#### Input for this task ####

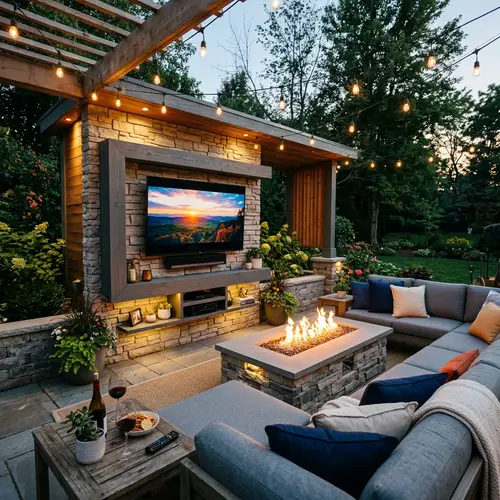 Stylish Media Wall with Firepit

####
#### Input for this task ####

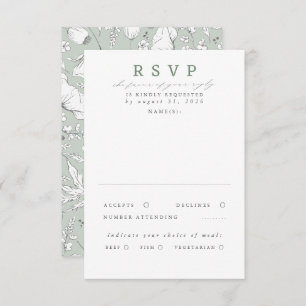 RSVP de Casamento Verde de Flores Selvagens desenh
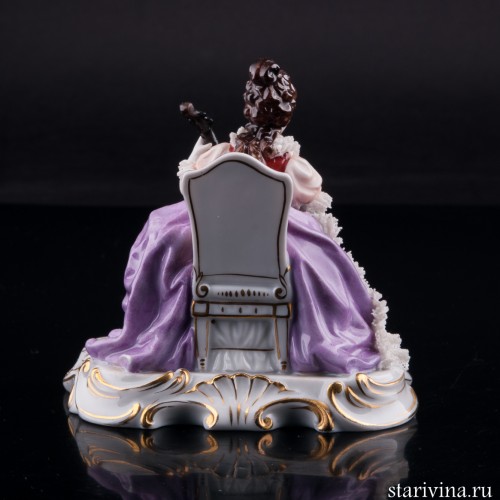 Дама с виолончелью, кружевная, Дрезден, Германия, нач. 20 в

####
#### Input for this task ####

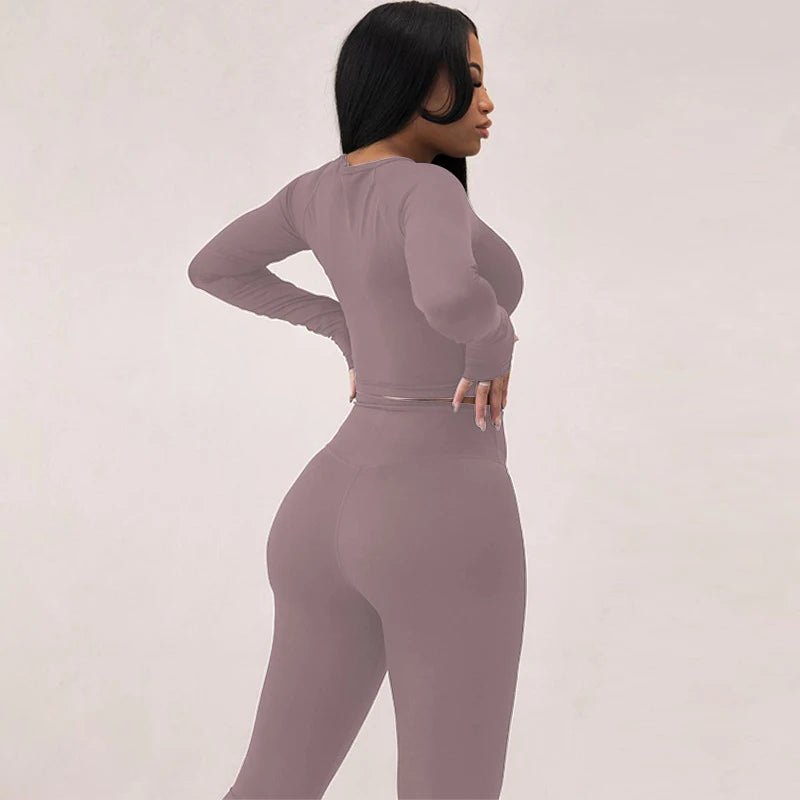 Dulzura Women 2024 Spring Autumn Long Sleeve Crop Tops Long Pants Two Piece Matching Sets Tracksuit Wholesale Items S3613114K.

####

The answer must be the lines above from the one containing "RSVP de Casamento" through the one containing "Дама с виолончелью, кружевная, Дрезден, Германия, нач.", reproduced exactly, with no pictures and nothing else.

• Solution for this task:
 RSVP de Casamento Verde de Flores Selvagens desenh
 Дама с виолончелью, кружевная, Дрезден, Германия, нач. 20 в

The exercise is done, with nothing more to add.